» **PROBLEM REQUIREMENTS**
Your answer must be every line of the data below that holds the string "Christmas", copied exactly.

*** Block opens ***

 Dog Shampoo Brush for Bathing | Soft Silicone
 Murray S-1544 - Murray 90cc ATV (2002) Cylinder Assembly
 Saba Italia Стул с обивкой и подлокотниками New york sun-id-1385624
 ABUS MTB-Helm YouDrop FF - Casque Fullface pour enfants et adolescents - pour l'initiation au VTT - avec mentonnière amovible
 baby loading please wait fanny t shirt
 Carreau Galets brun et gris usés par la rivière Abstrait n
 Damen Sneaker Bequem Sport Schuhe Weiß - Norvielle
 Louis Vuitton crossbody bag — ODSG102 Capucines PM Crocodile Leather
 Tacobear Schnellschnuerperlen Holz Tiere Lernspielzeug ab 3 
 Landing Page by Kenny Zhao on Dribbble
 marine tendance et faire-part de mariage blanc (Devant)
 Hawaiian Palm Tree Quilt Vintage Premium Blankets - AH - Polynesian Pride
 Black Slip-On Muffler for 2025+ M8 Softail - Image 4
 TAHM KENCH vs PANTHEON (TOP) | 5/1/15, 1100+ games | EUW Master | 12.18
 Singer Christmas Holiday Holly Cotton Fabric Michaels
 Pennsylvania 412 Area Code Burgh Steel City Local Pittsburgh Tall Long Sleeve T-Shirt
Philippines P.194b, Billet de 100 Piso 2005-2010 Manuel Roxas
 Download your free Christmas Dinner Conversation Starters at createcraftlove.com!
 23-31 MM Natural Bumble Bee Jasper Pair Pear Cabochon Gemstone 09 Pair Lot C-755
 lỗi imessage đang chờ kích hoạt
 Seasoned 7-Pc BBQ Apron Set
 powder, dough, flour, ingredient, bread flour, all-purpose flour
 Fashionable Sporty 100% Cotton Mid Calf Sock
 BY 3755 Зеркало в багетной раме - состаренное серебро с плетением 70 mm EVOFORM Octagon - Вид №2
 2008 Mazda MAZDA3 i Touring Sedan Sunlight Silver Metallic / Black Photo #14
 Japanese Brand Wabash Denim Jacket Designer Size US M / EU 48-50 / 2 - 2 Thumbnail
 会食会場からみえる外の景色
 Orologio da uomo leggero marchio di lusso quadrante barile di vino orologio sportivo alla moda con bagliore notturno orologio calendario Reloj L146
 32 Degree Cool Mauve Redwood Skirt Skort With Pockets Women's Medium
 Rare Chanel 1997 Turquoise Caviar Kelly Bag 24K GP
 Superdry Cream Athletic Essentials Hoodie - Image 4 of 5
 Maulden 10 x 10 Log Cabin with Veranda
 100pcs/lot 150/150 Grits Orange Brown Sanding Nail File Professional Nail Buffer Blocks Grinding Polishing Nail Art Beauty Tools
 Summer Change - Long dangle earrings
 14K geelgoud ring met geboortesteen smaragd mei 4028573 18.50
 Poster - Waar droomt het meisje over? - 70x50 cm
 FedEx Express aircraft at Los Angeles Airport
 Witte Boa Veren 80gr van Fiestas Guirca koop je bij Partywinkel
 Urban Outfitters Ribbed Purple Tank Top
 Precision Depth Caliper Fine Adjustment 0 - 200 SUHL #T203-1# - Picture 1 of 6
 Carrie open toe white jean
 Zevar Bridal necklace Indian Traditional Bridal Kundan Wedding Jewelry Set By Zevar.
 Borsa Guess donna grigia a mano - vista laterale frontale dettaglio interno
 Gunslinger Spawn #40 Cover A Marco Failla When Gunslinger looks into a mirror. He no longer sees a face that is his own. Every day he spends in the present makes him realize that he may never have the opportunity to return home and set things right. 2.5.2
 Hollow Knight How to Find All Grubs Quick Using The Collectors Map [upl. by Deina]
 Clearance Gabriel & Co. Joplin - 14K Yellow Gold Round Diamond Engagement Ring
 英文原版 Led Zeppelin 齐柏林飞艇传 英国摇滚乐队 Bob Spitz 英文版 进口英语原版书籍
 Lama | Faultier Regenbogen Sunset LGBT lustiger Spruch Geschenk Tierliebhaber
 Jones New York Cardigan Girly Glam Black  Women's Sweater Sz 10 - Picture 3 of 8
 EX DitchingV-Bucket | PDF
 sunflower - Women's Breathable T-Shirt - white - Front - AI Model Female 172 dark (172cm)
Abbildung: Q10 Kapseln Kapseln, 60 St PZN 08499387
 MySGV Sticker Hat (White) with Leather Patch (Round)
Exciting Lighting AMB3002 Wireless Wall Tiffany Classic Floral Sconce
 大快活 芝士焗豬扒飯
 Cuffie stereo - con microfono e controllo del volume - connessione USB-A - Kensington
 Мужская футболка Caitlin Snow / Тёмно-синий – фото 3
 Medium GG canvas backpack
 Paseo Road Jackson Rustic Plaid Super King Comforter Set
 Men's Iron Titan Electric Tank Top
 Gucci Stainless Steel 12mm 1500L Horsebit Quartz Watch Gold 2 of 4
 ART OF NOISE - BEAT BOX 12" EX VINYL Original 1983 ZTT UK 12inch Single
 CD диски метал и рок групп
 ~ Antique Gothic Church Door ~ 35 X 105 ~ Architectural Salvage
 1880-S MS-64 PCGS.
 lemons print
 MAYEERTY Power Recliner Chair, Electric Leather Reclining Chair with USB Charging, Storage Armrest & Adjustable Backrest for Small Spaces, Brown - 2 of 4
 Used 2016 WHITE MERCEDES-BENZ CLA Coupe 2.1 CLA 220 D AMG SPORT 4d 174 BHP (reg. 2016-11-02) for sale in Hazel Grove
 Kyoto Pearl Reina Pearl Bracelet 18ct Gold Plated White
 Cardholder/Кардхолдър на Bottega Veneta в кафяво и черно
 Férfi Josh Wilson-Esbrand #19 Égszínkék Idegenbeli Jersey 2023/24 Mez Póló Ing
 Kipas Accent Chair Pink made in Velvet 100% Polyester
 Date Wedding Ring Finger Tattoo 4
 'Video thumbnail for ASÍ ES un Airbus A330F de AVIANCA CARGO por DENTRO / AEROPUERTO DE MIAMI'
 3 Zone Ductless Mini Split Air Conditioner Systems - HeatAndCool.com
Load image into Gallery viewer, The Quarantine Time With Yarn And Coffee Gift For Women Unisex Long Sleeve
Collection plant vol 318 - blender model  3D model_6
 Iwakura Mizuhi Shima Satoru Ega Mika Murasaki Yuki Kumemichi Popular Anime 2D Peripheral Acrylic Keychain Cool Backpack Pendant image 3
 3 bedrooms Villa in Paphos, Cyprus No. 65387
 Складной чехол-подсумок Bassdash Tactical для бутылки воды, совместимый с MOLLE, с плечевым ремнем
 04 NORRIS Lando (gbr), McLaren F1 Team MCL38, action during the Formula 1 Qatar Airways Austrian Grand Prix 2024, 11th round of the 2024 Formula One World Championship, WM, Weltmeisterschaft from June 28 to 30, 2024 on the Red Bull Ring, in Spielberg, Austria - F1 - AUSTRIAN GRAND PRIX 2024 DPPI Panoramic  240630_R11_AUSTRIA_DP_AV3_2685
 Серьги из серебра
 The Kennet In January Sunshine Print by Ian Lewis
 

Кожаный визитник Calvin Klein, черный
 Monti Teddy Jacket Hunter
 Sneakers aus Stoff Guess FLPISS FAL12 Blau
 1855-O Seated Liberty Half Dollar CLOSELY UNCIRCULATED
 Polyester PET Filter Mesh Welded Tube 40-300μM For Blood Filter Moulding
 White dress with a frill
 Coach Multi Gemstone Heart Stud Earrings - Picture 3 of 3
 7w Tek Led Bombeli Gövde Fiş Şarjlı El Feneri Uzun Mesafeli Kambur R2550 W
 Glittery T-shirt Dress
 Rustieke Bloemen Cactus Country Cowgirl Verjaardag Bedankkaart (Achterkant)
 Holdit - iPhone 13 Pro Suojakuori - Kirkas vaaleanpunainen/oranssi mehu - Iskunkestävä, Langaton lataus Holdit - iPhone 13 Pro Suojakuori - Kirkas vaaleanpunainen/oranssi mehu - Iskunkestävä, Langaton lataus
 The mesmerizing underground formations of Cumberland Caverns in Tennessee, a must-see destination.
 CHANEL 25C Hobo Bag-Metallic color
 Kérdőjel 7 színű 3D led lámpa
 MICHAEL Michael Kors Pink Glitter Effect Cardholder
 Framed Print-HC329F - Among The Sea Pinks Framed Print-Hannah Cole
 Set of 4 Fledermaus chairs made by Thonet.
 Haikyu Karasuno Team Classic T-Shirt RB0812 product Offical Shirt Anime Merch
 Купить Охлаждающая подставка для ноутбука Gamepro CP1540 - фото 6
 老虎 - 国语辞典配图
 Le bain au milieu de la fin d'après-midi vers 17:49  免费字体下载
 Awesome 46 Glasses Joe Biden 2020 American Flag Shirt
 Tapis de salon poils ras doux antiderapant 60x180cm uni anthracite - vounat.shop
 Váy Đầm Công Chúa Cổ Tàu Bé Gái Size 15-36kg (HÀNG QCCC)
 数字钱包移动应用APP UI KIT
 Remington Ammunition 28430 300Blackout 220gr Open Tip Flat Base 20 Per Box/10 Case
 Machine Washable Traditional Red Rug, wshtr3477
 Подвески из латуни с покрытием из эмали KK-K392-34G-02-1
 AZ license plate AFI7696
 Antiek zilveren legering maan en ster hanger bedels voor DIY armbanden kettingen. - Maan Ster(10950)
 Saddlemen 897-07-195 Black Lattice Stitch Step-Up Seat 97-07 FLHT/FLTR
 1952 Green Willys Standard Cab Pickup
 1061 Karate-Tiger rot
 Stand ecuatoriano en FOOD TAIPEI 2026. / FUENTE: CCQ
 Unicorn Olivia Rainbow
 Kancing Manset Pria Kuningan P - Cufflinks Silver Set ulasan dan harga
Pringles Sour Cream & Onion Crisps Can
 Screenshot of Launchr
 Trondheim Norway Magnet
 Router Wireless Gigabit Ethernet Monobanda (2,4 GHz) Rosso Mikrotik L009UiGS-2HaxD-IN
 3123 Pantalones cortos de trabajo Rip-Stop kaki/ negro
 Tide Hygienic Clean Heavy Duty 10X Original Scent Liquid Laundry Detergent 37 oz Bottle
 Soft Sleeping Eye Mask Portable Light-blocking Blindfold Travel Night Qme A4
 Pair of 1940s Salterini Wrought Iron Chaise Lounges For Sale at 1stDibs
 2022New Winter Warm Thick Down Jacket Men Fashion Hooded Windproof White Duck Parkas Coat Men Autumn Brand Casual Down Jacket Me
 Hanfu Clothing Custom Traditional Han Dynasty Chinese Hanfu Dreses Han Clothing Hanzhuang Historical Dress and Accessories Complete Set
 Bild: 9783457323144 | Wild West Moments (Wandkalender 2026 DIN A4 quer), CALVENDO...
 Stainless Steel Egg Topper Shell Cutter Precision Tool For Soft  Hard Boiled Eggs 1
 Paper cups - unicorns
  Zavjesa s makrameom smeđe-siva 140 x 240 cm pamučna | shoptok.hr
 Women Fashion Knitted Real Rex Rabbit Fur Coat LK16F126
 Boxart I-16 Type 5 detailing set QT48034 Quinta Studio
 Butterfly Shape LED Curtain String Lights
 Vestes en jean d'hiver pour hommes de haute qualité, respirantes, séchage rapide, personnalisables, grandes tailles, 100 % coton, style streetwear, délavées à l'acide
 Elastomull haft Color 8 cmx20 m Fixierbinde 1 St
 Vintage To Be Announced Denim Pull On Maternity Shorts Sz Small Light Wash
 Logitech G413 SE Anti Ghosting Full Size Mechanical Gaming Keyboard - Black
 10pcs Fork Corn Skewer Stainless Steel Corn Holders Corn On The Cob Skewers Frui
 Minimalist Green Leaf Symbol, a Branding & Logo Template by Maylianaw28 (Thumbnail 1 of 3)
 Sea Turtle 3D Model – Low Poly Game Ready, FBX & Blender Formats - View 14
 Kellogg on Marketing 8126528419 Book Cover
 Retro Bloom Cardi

*** Block closes ***

» **RESPONSE AREA**
 Singer Christmas Holiday Holly Cotton Fabric Michaels
 Download your free Christmas Dinner Conversation Starters at createcraftlove.com!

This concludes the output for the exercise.